Webhook security is a PSP-level requirement — treat it as such.

# 4. Design for failure and retries

***

Pix is instant; the network around it is not.

Expect failures in:

* PSTI / direct provider connectivity
* Telecom / SMS delivery (for key confirmation)
* Network timeouts
* Internal ledger validations
* Limit and anti-fraud checks (regulated)

Recommended approach:

* Implement **clear retry policies** (exponential backoff, controlled loops)
* Never retry blindly
* Surface actionable messages to the user
* Log all failures with correlation IDs
* Treat “pending” as a normal intermediary state

A reliable Pix integration is resilient by design.

# 5. Monitor pending transactions & background jobs

***

A Pix can enter **PENDING** while waiting for:

* Provider processing
* SPI acknowledgment
* Webhook delivery
* Retry cycles

Pix Switch runs background workers to guarantee eventual consistency:

* Retry callbacks
* Reconcile intermediate states
* Detect stuck operations

Your responsibilities:

* Monitor pending transactions regularly
* Configure alerts for excessive retry attempts
* Integrate logs, metrics, and traces for observability

**Pending ≠ failure**, but prolonged pending requires investigation.

# 6. Keep Pix keys and customer data synchronized

***

Because keys are tied to identity:

* If a user changes phone/email → update or remove associated Pix keys
* Keep CRM records aligned with DICT data
* Remove outdated keys to avoid misrouting
* For institutions using DICT:

  Ensure portability and ownership claims follow BACEN rules

This reduces:

* Payments to wrong recipients
* MED cases due to incorrect keys
* Support friction

Consistency between CRM ↔ DICT ↔ Pix Switch is essential.

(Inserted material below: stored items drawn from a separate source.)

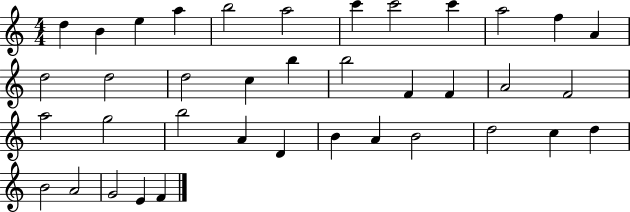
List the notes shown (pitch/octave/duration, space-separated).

D5/q B4/q E5/q A5/q B5/h A5/h C6/q C6/h C6/q A5/h F5/q A4/q D5/h D5/h D5/h C5/q B5/q B5/h F4/q F4/q A4/h F4/h A5/h G5/h B5/h A4/q D4/q B4/q A4/q B4/h D5/h C5/q D5/q B4/h A4/h G4/h E4/q F4/q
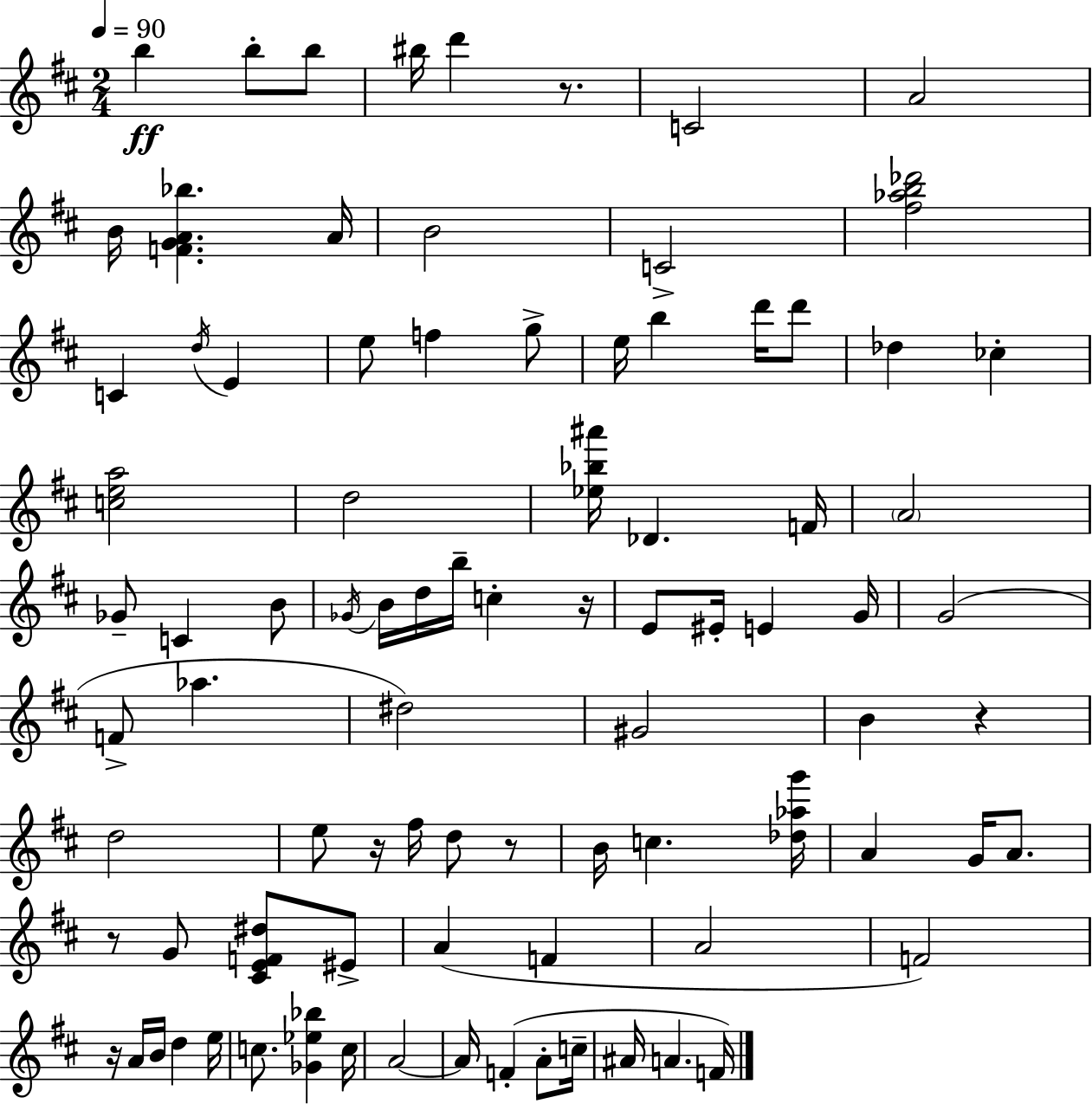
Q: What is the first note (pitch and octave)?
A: B5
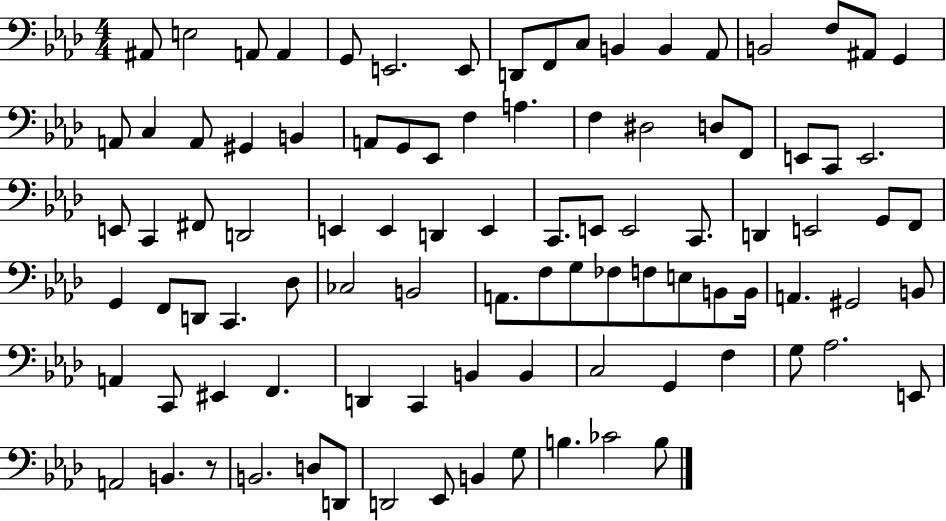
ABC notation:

X:1
T:Untitled
M:4/4
L:1/4
K:Ab
^A,,/2 E,2 A,,/2 A,, G,,/2 E,,2 E,,/2 D,,/2 F,,/2 C,/2 B,, B,, _A,,/2 B,,2 F,/2 ^A,,/2 G,, A,,/2 C, A,,/2 ^G,, B,, A,,/2 G,,/2 _E,,/2 F, A, F, ^D,2 D,/2 F,,/2 E,,/2 C,,/2 E,,2 E,,/2 C,, ^F,,/2 D,,2 E,, E,, D,, E,, C,,/2 E,,/2 E,,2 C,,/2 D,, E,,2 G,,/2 F,,/2 G,, F,,/2 D,,/2 C,, _D,/2 _C,2 B,,2 A,,/2 F,/2 G,/2 _F,/2 F,/2 E,/2 B,,/2 B,,/4 A,, ^G,,2 B,,/2 A,, C,,/2 ^E,, F,, D,, C,, B,, B,, C,2 G,, F, G,/2 _A,2 E,,/2 A,,2 B,, z/2 B,,2 D,/2 D,,/2 D,,2 _E,,/2 B,, G,/2 B, _C2 B,/2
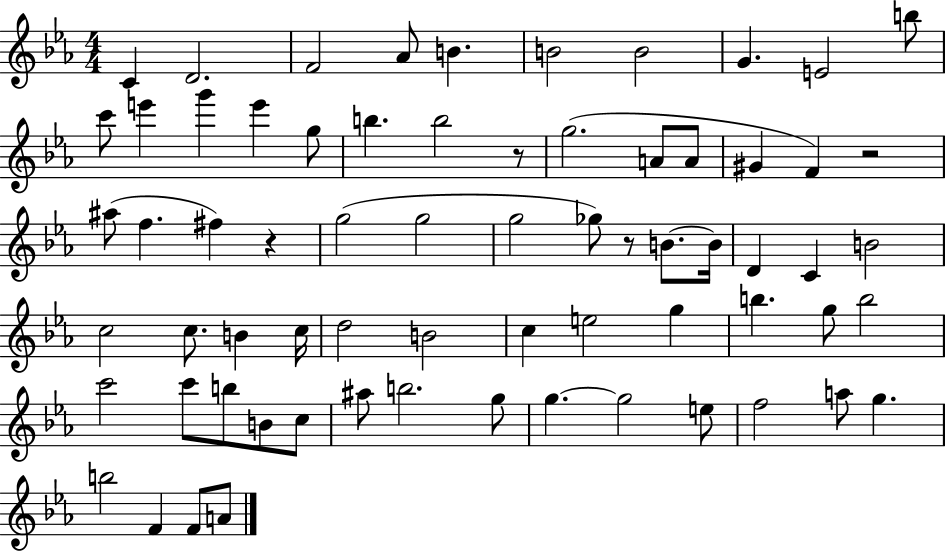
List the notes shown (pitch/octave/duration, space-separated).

C4/q D4/h. F4/h Ab4/e B4/q. B4/h B4/h G4/q. E4/h B5/e C6/e E6/q G6/q E6/q G5/e B5/q. B5/h R/e G5/h. A4/e A4/e G#4/q F4/q R/h A#5/e F5/q. F#5/q R/q G5/h G5/h G5/h Gb5/e R/e B4/e. B4/s D4/q C4/q B4/h C5/h C5/e. B4/q C5/s D5/h B4/h C5/q E5/h G5/q B5/q. G5/e B5/h C6/h C6/e B5/e B4/e C5/e A#5/e B5/h. G5/e G5/q. G5/h E5/e F5/h A5/e G5/q. B5/h F4/q F4/e A4/e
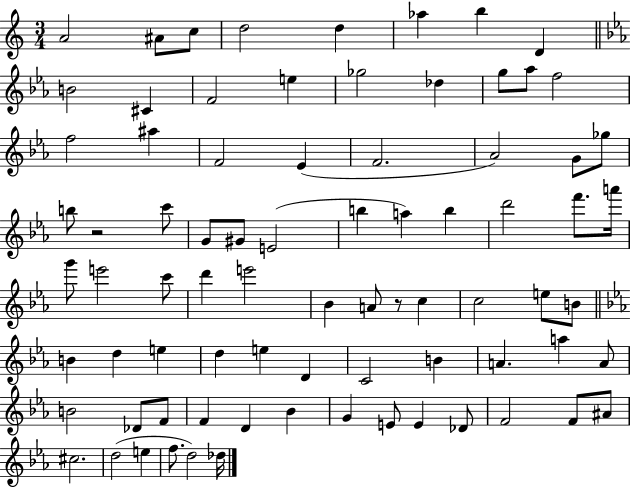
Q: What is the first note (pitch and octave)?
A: A4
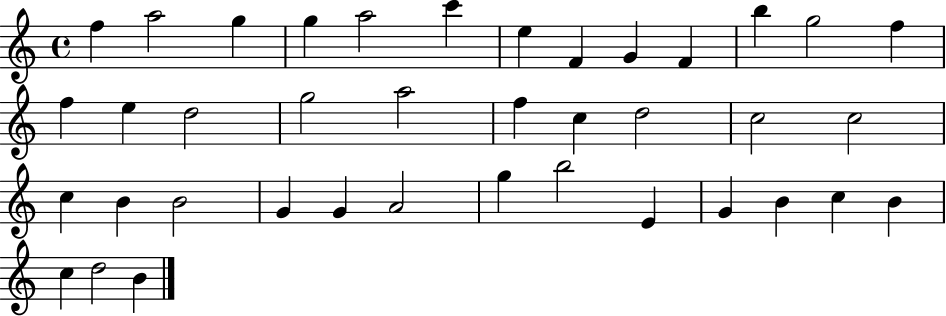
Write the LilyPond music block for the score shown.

{
  \clef treble
  \time 4/4
  \defaultTimeSignature
  \key c \major
  f''4 a''2 g''4 | g''4 a''2 c'''4 | e''4 f'4 g'4 f'4 | b''4 g''2 f''4 | \break f''4 e''4 d''2 | g''2 a''2 | f''4 c''4 d''2 | c''2 c''2 | \break c''4 b'4 b'2 | g'4 g'4 a'2 | g''4 b''2 e'4 | g'4 b'4 c''4 b'4 | \break c''4 d''2 b'4 | \bar "|."
}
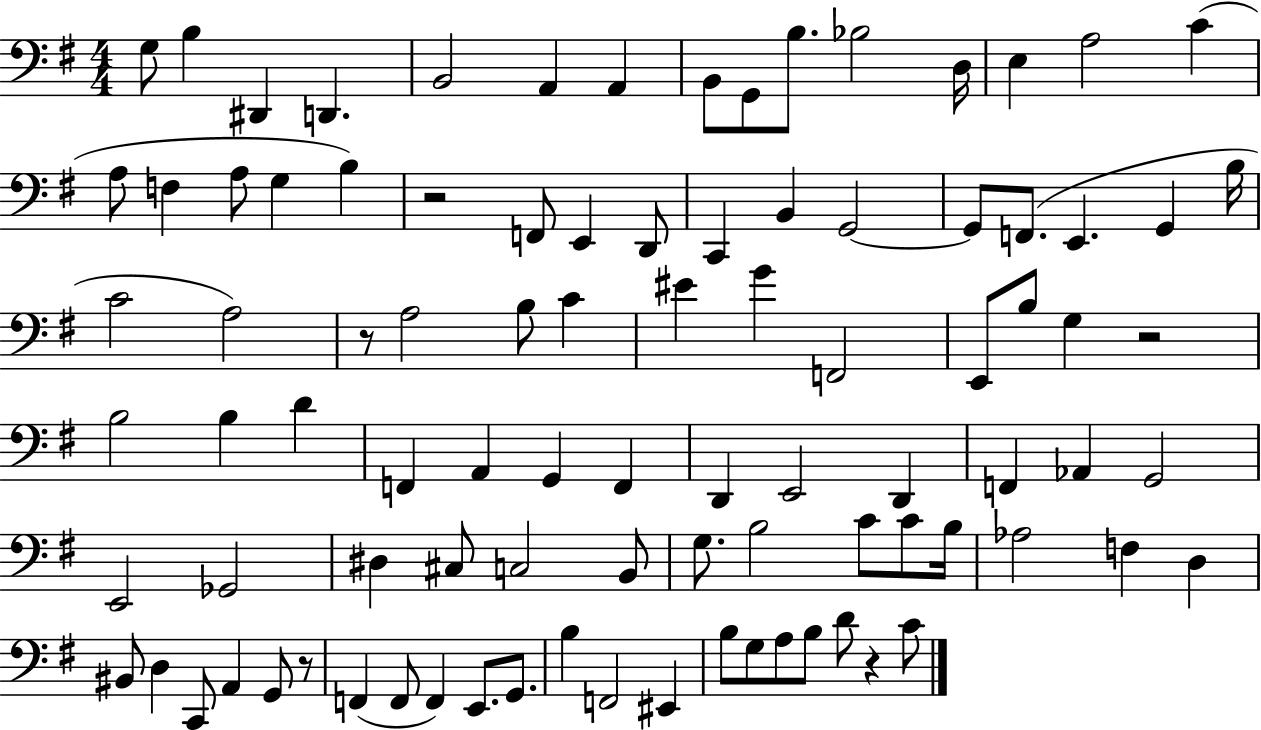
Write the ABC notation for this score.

X:1
T:Untitled
M:4/4
L:1/4
K:G
G,/2 B, ^D,, D,, B,,2 A,, A,, B,,/2 G,,/2 B,/2 _B,2 D,/4 E, A,2 C A,/2 F, A,/2 G, B, z2 F,,/2 E,, D,,/2 C,, B,, G,,2 G,,/2 F,,/2 E,, G,, B,/4 C2 A,2 z/2 A,2 B,/2 C ^E G F,,2 E,,/2 B,/2 G, z2 B,2 B, D F,, A,, G,, F,, D,, E,,2 D,, F,, _A,, G,,2 E,,2 _G,,2 ^D, ^C,/2 C,2 B,,/2 G,/2 B,2 C/2 C/2 B,/4 _A,2 F, D, ^B,,/2 D, C,,/2 A,, G,,/2 z/2 F,, F,,/2 F,, E,,/2 G,,/2 B, F,,2 ^E,, B,/2 G,/2 A,/2 B,/2 D/2 z C/2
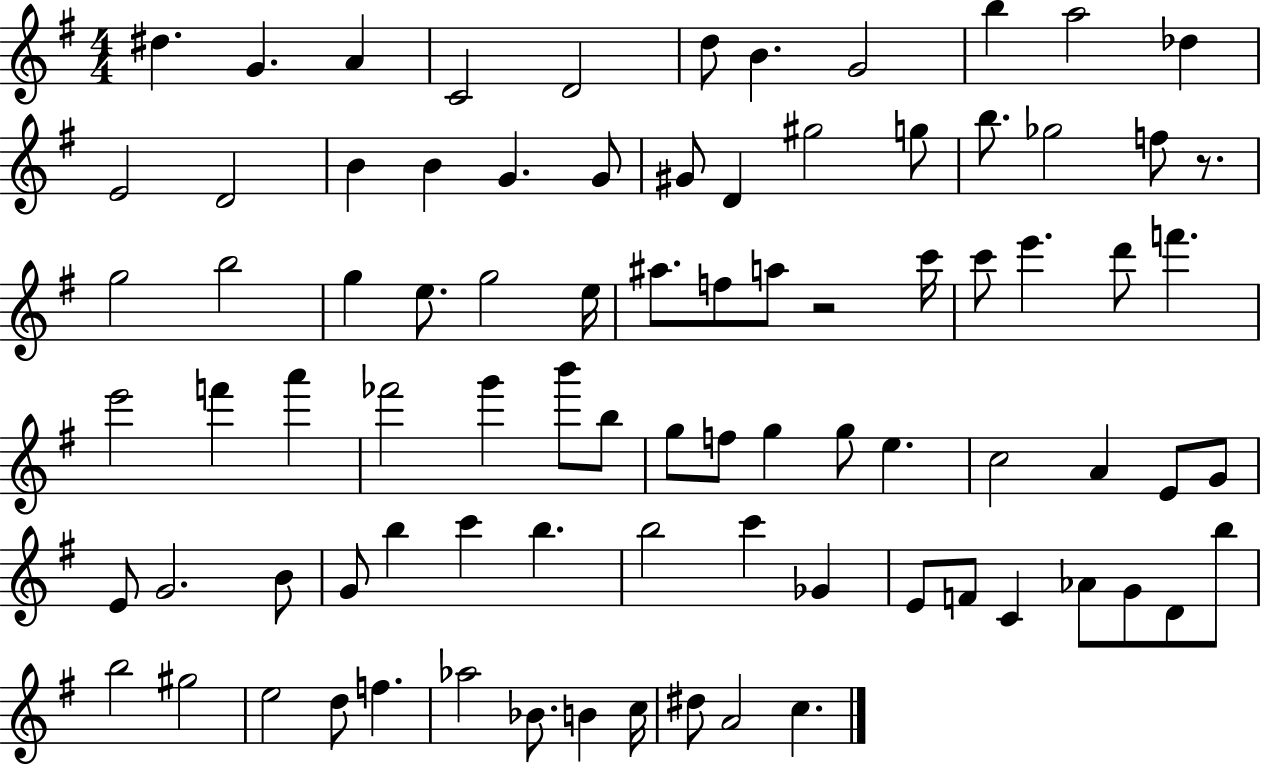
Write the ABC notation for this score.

X:1
T:Untitled
M:4/4
L:1/4
K:G
^d G A C2 D2 d/2 B G2 b a2 _d E2 D2 B B G G/2 ^G/2 D ^g2 g/2 b/2 _g2 f/2 z/2 g2 b2 g e/2 g2 e/4 ^a/2 f/2 a/2 z2 c'/4 c'/2 e' d'/2 f' e'2 f' a' _f'2 g' b'/2 b/2 g/2 f/2 g g/2 e c2 A E/2 G/2 E/2 G2 B/2 G/2 b c' b b2 c' _G E/2 F/2 C _A/2 G/2 D/2 b/2 b2 ^g2 e2 d/2 f _a2 _B/2 B c/4 ^d/2 A2 c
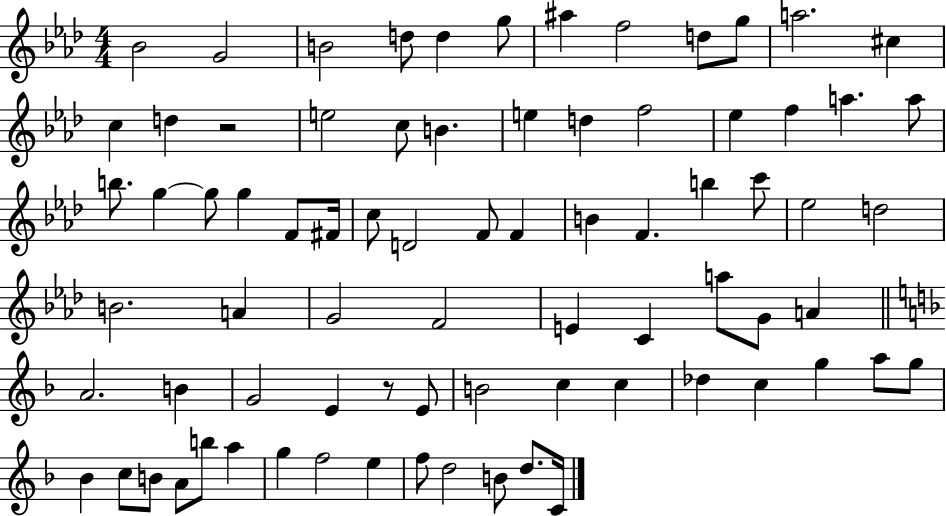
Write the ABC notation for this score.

X:1
T:Untitled
M:4/4
L:1/4
K:Ab
_B2 G2 B2 d/2 d g/2 ^a f2 d/2 g/2 a2 ^c c d z2 e2 c/2 B e d f2 _e f a a/2 b/2 g g/2 g F/2 ^F/4 c/2 D2 F/2 F B F b c'/2 _e2 d2 B2 A G2 F2 E C a/2 G/2 A A2 B G2 E z/2 E/2 B2 c c _d c g a/2 g/2 _B c/2 B/2 A/2 b/2 a g f2 e f/2 d2 B/2 d/2 C/4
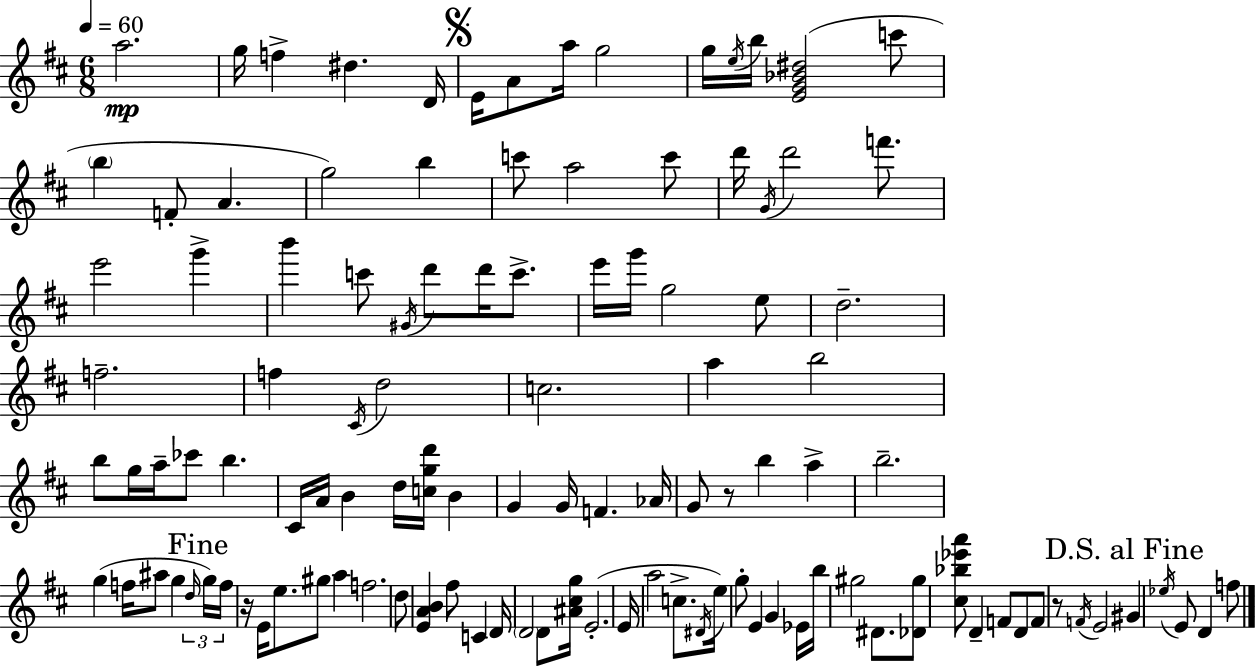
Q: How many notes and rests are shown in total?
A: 114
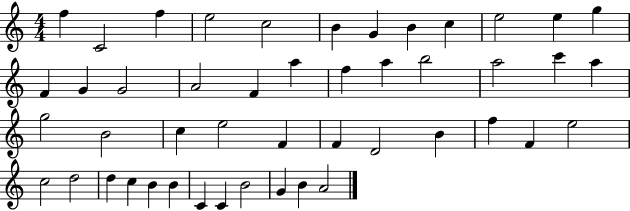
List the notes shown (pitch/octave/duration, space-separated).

F5/q C4/h F5/q E5/h C5/h B4/q G4/q B4/q C5/q E5/h E5/q G5/q F4/q G4/q G4/h A4/h F4/q A5/q F5/q A5/q B5/h A5/h C6/q A5/q G5/h B4/h C5/q E5/h F4/q F4/q D4/h B4/q F5/q F4/q E5/h C5/h D5/h D5/q C5/q B4/q B4/q C4/q C4/q B4/h G4/q B4/q A4/h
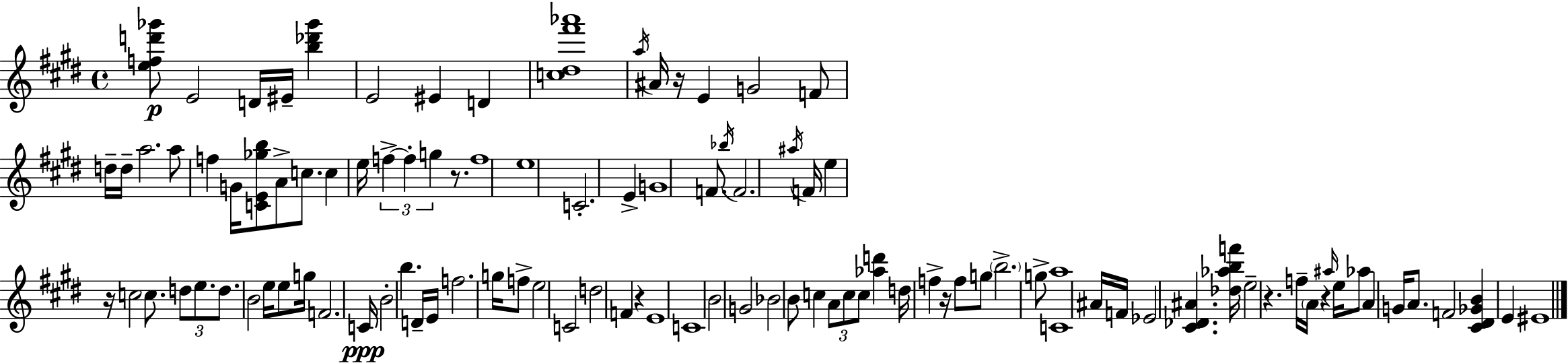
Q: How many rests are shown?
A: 7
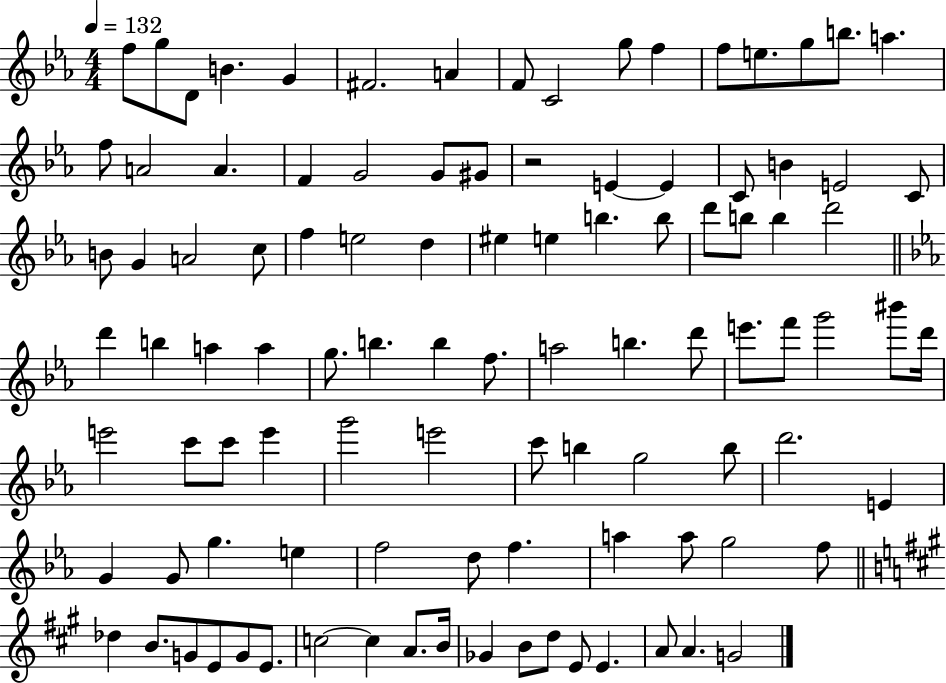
X:1
T:Untitled
M:4/4
L:1/4
K:Eb
f/2 g/2 D/2 B G ^F2 A F/2 C2 g/2 f f/2 e/2 g/2 b/2 a f/2 A2 A F G2 G/2 ^G/2 z2 E E C/2 B E2 C/2 B/2 G A2 c/2 f e2 d ^e e b b/2 d'/2 b/2 b d'2 d' b a a g/2 b b f/2 a2 b d'/2 e'/2 f'/2 g'2 ^b'/2 d'/4 e'2 c'/2 c'/2 e' g'2 e'2 c'/2 b g2 b/2 d'2 E G G/2 g e f2 d/2 f a a/2 g2 f/2 _d B/2 G/2 E/2 G/2 E/2 c2 c A/2 B/4 _G B/2 d/2 E/2 E A/2 A G2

# 7. Respect SLA expectations and time windows

***

Pix settlement occurs in **up to 10 seconds**, but legal SLAs matter too.

Design your UX to respect:

* Maximum SPI tolerances
* Nighttime limit adjustments (20:00–06:00)
* Customer-driven limit reduction delays (immediate)
* Customer-driven limit increases (may require authentication or waiting period)

Always display:

* “Processing…” while awaiting confirmation
* “Try again” guidance for limit breaches

Your UX must mirror Pix’s real regulatory behavior.

# 8. Implement reconciliation and accounting validation

***

Reconciliation closes the loop between:

* Your system
* Pix Switch
* SPI settlement
* Ledger postings (Midaz)

Recommended reconciliation cycle:

* Confirm every settled Pix using your webhook log
* Match every Pix ID with a ledger posting
* Compare daily summaries with provider/SPB outputs
* Flag any mismatch for manual review

This reduces operational noise and supports audit readiness.

# 9. Test end-to-end with realistic flows

***

Before going live, simulate:

* Cash-in and cash-out
* High-value limits
* Invalid keys
* Expired QR Codes
* Refunds (inbound + outbound)
* MED-related refund triggers
* Webhook downtime
* API timeout and retry patterns

Also test **intra-ledger Pix** scenarios when both accounts exist in Midaz.

Your validation checklist:

* Correct ledger postings
* Correct Pix status transitions
* Proper webhook handling
* Proper limit enforcement
* Proper accounting behavior

# 10. Prepare your support and operations teams

***

Support teams should understand:

* Pix timeframes (including night limit rules)
* Difference between “initiated”, “pending”, “completed”, “refunded”, “failed”
* How to read E2E IDs
* How to track DICT issues
* When MED applies vs normal refunds

Clear support flows reduce user friction and avoid false MED disputes.